Moïse déjà voulait voir Dieu. Mais à cette requête Dieu avait répondu : « L’homme ne peut me voir et vivre » (Ex 33,23). Étonnante réponse à celui qui parlait avec Dieu « face à face comme un homme parle à son ami » (Ex 33,11). La réponse de Jésus n’est guère plus encourageante. Celui-là même qui dira à Philippe « qui m’a vu a vu le Père » (Jn 14,9). Ceux qui le verront suspendu au bois de la croix, reconnaîtront-ils alors celui qu’ils voulaient voir ? « Et moi, quand j’aurai été élevé de terre, j’attirerai tous les hommes à moi » (Jn 12,32). Et vous ? Et moi ? Est-ce bien là celui que je veux voir ?

Saint Jean nous invite à ne pas hésiter à contempler le Corps du Christ sur la Croix, donnant sa vie pour nous, pour nous entraîner à sa suite ; car la Croix ne peut être que glorieuse : elle est celle non pas du condamné mais du Ressuscité. Bientôt, il n’y aura plus rien à voir, un tombeau vide… Alors une autre parole se fera entendre. « Heureux ceux qui croient sans avoir vu » (Jn 20,29). Il ne s’agira plus de voir ni d’entendre mais, avec Jésus, de donner sa vie, avec lui, de marcher sur un chemin d’abandon qui conduit à tout recevoir. Lui fera aboutir notre quête. Tout comme le Père a fait aboutir la sienne. Sur la croix, le vendredi, il se croyait abandonné du Père. La réponse à sa prière n’est venue que le matin de Pâques.

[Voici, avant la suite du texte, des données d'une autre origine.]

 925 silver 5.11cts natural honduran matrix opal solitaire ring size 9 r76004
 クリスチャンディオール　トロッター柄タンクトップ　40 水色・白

Frères et sœurs, qui que nous soyons, quelle que soit notre recherche, du moment que nous sommes en quête, Jésus nous attire pour que nous demeurions avec lui, sur un chemin d’éternité ! On ne rencontre vraiment Jésus qu’en allant où il va : vers la souffrance du monde, les pauvres, les malades, ceux qui sont rejetés. Il n’y a pas de plus grand bonheur que d’être ici-bas l’écho de la parole de Dieu, le reflet de sa lumière.